Work item -
The answer is every line in the data below that contains the word "Black".

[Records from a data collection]

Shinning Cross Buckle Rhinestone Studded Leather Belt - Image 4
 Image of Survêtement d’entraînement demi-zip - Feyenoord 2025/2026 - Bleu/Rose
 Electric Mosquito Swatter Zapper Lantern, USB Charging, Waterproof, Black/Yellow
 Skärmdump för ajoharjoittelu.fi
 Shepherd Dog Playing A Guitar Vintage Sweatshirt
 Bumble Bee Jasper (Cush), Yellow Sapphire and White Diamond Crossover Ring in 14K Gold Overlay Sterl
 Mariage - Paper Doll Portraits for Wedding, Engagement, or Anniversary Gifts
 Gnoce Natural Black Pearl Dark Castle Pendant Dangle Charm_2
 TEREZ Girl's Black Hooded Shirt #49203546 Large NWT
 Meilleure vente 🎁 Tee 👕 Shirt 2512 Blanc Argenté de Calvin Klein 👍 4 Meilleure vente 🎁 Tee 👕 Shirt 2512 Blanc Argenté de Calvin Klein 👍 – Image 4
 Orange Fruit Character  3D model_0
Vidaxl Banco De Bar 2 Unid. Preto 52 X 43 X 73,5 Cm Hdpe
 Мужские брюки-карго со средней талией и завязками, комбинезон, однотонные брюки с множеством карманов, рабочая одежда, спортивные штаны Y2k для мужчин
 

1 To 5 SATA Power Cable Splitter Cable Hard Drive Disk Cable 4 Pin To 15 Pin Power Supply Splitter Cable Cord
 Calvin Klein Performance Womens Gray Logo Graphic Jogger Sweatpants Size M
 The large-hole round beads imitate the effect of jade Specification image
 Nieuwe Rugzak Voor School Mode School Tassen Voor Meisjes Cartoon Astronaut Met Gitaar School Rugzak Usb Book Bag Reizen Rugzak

Answer box -
 Electric Mosquito Swatter Zapper Lantern, USB Charging, Waterproof, Black/Yellow
 Gnoce Natural Black Pearl Dark Castle Pendant Dangle Charm_2
 TEREZ Girl's Black Hooded Shirt #49203546 Large NWT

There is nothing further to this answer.